Short descriptive text snippets:
● ● ● ● ●

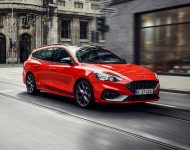 2020 Ford Focus ST Wagon - Front Three-Quarter Wallpaper 190x150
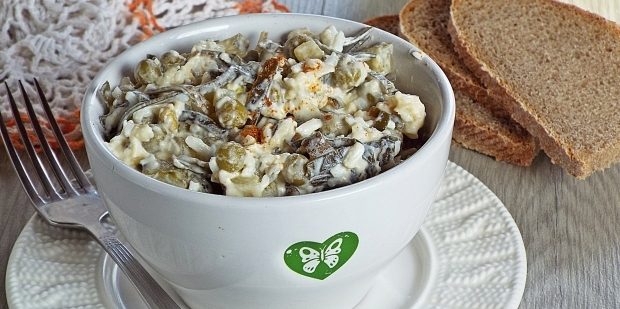 Салат с зелёным горошком, морской капустой, яйцами и сыром Салат с консервированным горошком, морской капустой, яйцами и сыром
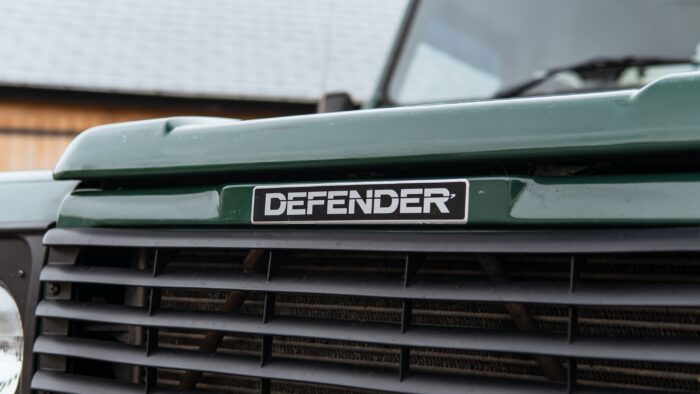 DEFENDER - Image 4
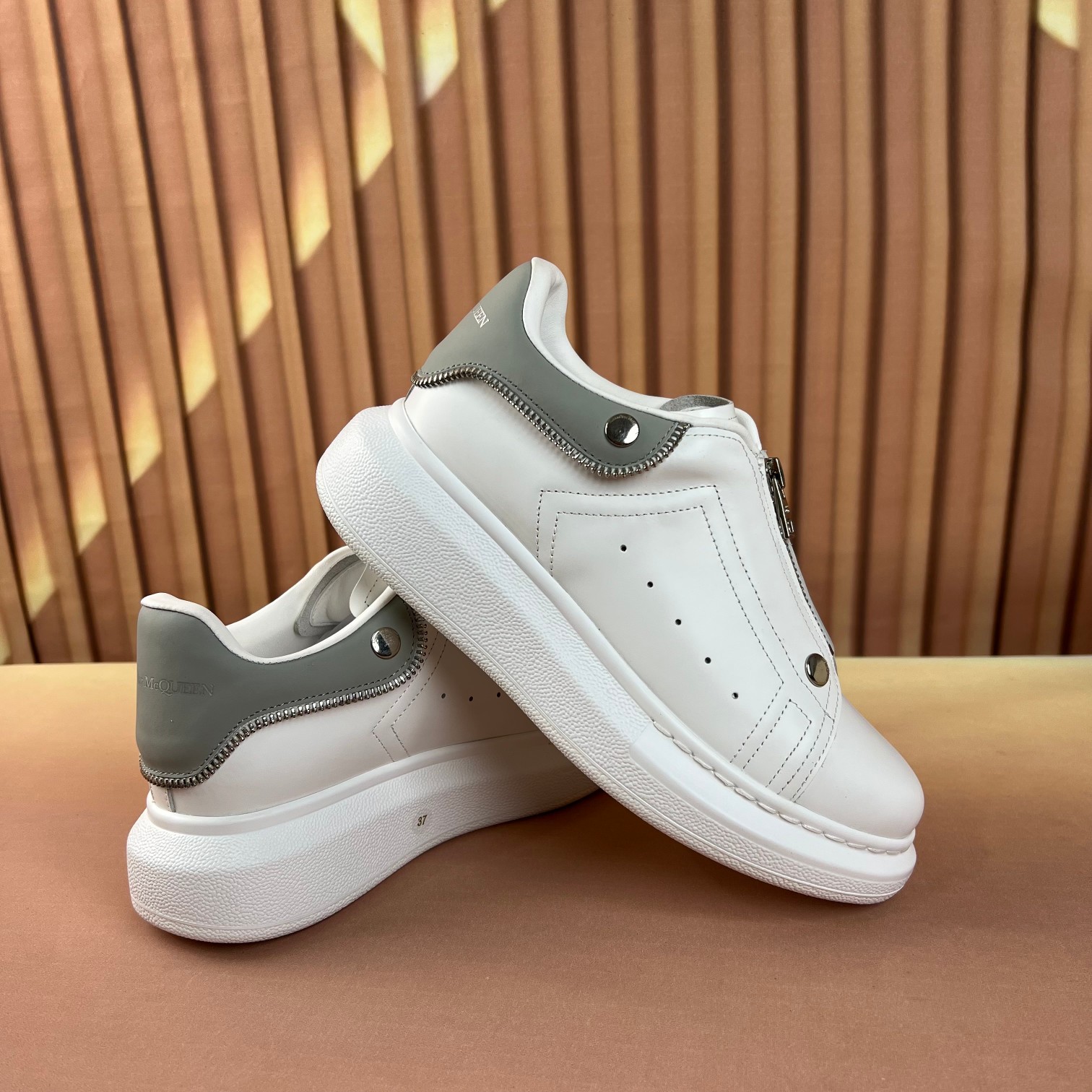 Alexander Mcqueen Male Sneakers Breathable M-l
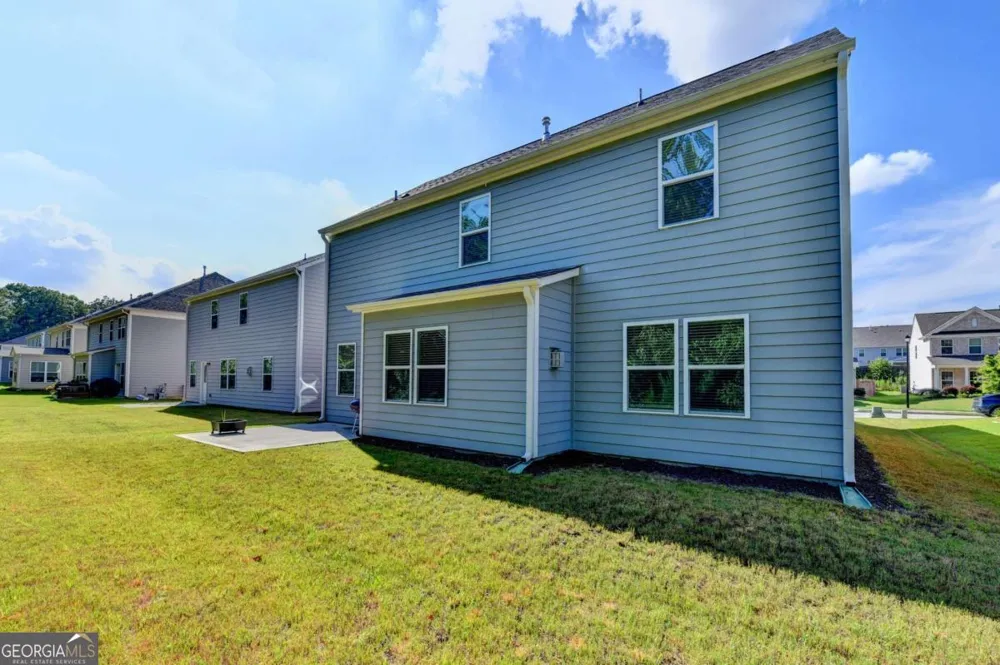 5477 Fountain Head LN Auburn, GA 30011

● ● ● ● ●

> _What is needed_
Could you reproduce exactly, and only, the lines from the one containing "Салат с зелёным" through the end of the records above, both included, while leaving out the pictures?

> _Expected answer_
 Салат с зелёным горошком, морской капустой, яйцами и сыром Салат с консервированным горошком, морской капустой, яйцами и сыром
 DEFENDER - Image 4
 Alexander Mcqueen Male Sneakers Breathable M-l
 5477 Fountain Head LN Auburn, GA 30011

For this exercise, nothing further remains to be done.